# SOURCE DATA
========================================

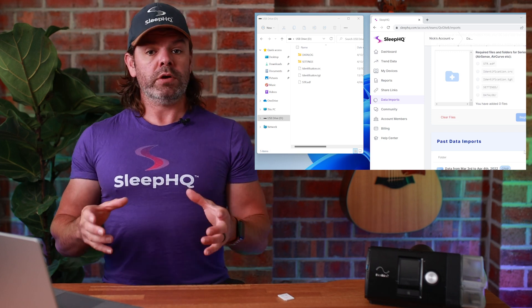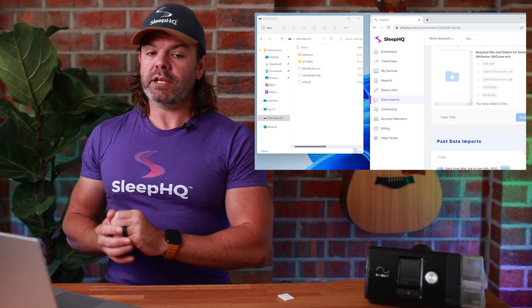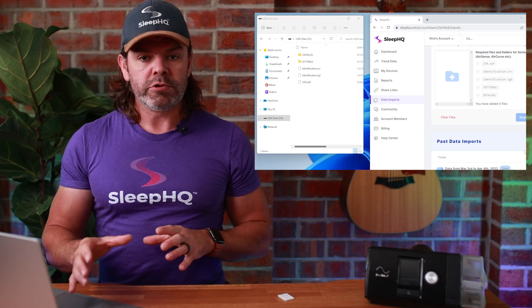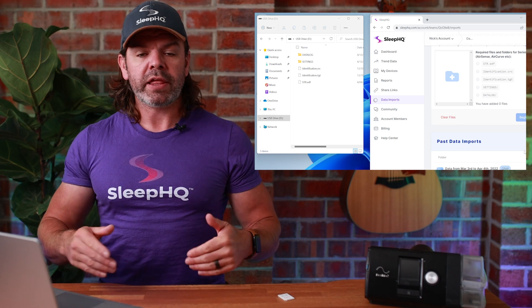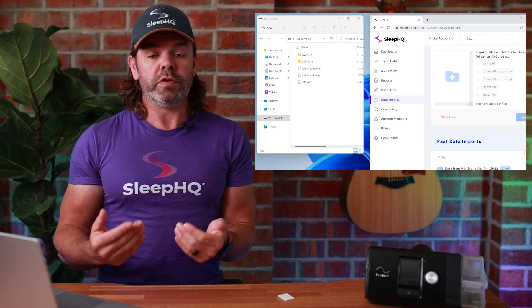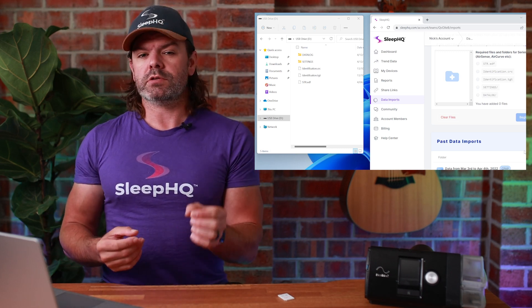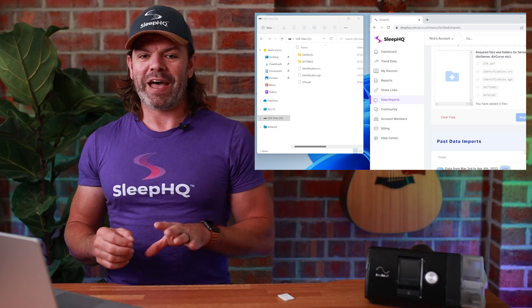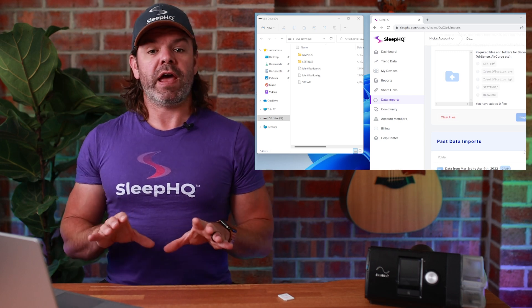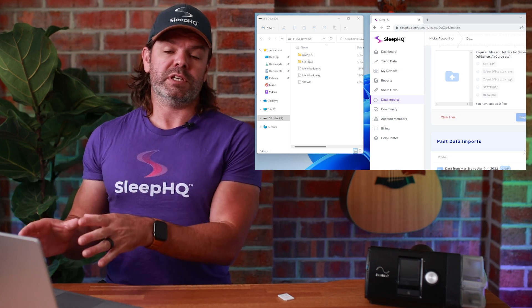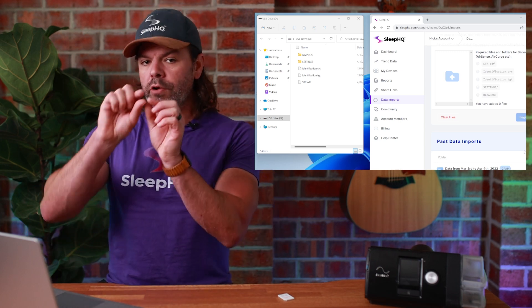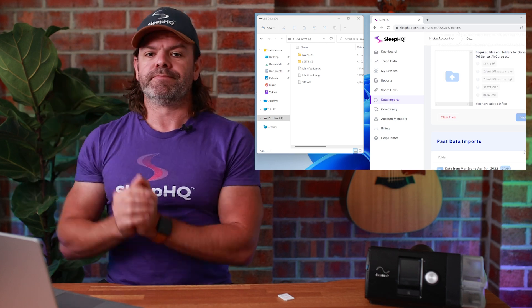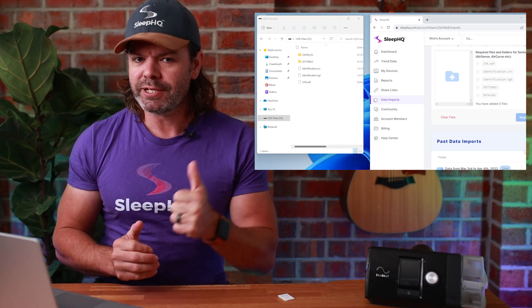Once the upload is complete, SleepHQ will start processing the files and compiling all the charts and information for you to view. So as soon as that upload's complete, yes, you can start going around and looking around the app, navigating away from this main page. But while that upload is going, just make sure you stay on the page.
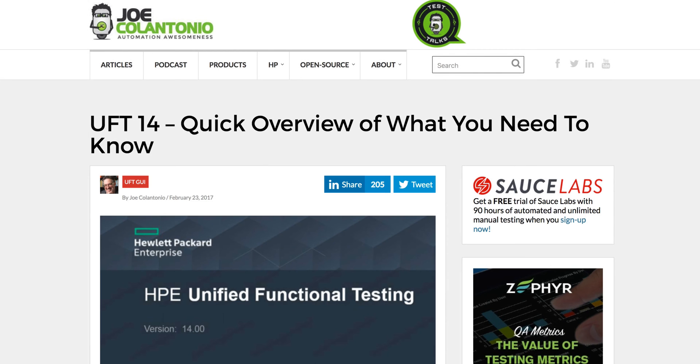Hey, it's Joe. In this video, we're going to check out how to install UFT and LeanFT 14. Check it out.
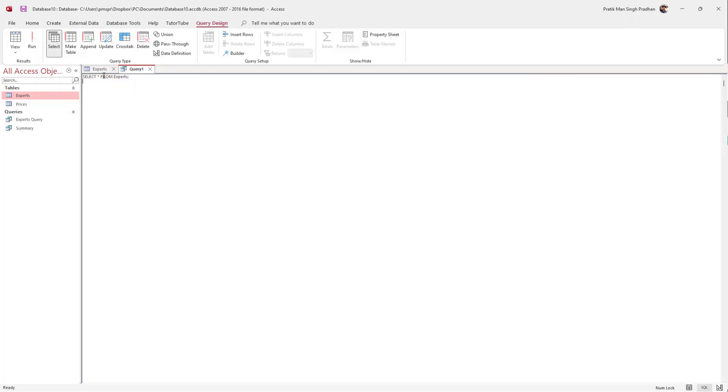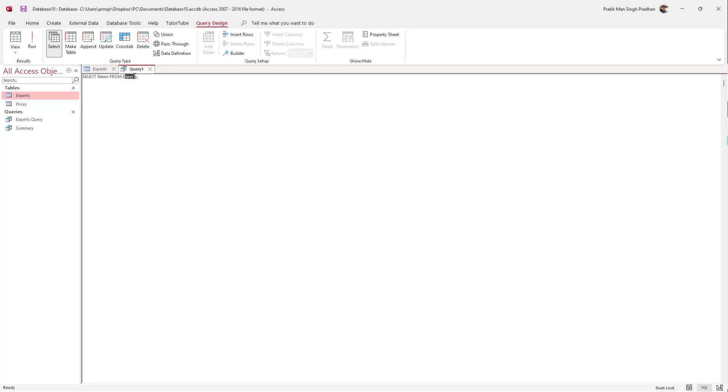Over here I'll type in the field name. I'm going to say SELECT name, so it's selecting the name field from Experts. SELECT will always be the field name, and FROM will be the table name.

========================================

# YOUR TASK
Restate every line above word for word. Do not carry over the images.

# TASK ANSWER
Once the upload is complete, SleepHQ will start processing the files and compiling all the charts and information for you to view. So as soon as that upload's complete, yes, you can start going around and looking around the app, navigating away from this main page. But while that upload is going, just make sure you stay on the page.
Hey, it's Joe. In this video, we're going to check out how to install UFT and LeanFT 14. Check it out.
Over here I'll type in the field name. I'm going to say SELECT name, so it's selecting the name field from Experts. SELECT will always be the field name, and FROM will be the table name.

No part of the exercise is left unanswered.